You know, Nina, if you needed the money, you could have just called us. We would have happily lent you some cash if it meant that you wouldn't have to work in shoddy, uninteresting games like Tekken's Nina Williams in: Death by Degrees. But no, the deed is done, and Namco's Tekken offshoot is a reality. Death by Degrees is a half-baked attempt to combine a combo-based fighting system with some light stealth and puzzle-solving. Unfortunately, no one aspect of the game is done especially well, and the end result will be unappealing to all but the most diehard fans of Tekken's blonde bombshell.

Nina starts the game in a bikini, but you'll change outfits from time to time.
Nina starts the game in a bikini, but you'll change outfits from time to time.

Nina's adventure opens on a cruise ship that is run by an underground organization. There's a fighting tournament happening on the ship, and Nina's poised to win it. But she's really there to do some covert work for a joint mission between the CIA and Britain's MI6. Two Brits are infiltrating the ship in an attempt to find...something. The game's never really too clear about what you're doing and why, but all you need to know is that things go wrong for your stealth MI6 associates, and you'll have to blow your cover and beat the heck out of a ton of different guards.

The Tekken series has turned out some of the best 3D fighting games around, so it's no surprise that Namco has attempted to bring over some of that fighting game flair here. But the fighting system is based off of hitting the right analog stick toward your enemy so you can attack in that direction. This system, used before in games like Rise to Honor, is capable of letting you take on multiple enemies at once, but it isn't up to the challenge of precision, fighting-game-like combat. The game gives you a handful of different maneuvers right off the bat (you'll be able to purchase more moves as you carry on), but simply mashing the analog stick in the direction of your nearest foe is really the only combat technique you'll need to know. Nina can equip firearms and melee weapons, but neither set of weapons is more effective than simply kicking bad guys in the face until they're dead.

Nina's other big attack is the critical strike. This special, high-damage attack brings up an X-ray view of the enemy you're attempting to cripple. Exposed soft spots glow red, and you need to move a cursor to the spot and push forward on the right stick. This then brings the game out of X-ray mode, where you'll see Nina do some sort of unimpressive-looking spin kick or other move. Then it goes back into X-ray vision, and you get to see the bones shatter.
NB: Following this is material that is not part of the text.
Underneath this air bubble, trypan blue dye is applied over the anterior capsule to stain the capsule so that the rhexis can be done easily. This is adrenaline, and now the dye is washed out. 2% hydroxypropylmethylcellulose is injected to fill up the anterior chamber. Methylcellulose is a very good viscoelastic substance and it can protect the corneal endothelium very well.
Some of these, like when you break an arm or a leg, look fine. But when you shatter someone's skull, the game shows a hokey, pulsating brain. Same deal with the ribs, which reveal a thumping heart behind them. What's worse is that after you get through the first few objectives and reach some tougher enemies, these attacks won't kill your enemy. So, instead, you're made to believe that a guy with no skull protecting his brain can still get up, fight well, and even take a shot or two to the head. The game isn't exactly striving for realism, but this still just seems silly.

When you aren't fighting, you'll spend a lot of time looking at your map and trying to figure out where to go next. Your objectives are spelled out pretty plainly, so you'll never question what you need to do next, even if the story doesn't give you an especially compelling reason to complete your task. But the map screen is sort of a mess, so getting from point A to point B isn't always the easiest thing in the world. The game has a Metal Gear-like security system, but instead of using numbered cards, you'll collect fingerprints with a print scanner, and each print has a security level associated with it. You'll then be able to use those scanned prints to unlock doors. The process of unlocking a door with the print scanner is as simple as hitting the X button, but you'll still have to watch Nina put the scanner up to the door, hit a button when a text message appears to let you know that the door is unlocked, and then watch her walk through. Little things like this add up over time and give the game a sluggish, stunted pace that sucks all the tension and suspense right out of it.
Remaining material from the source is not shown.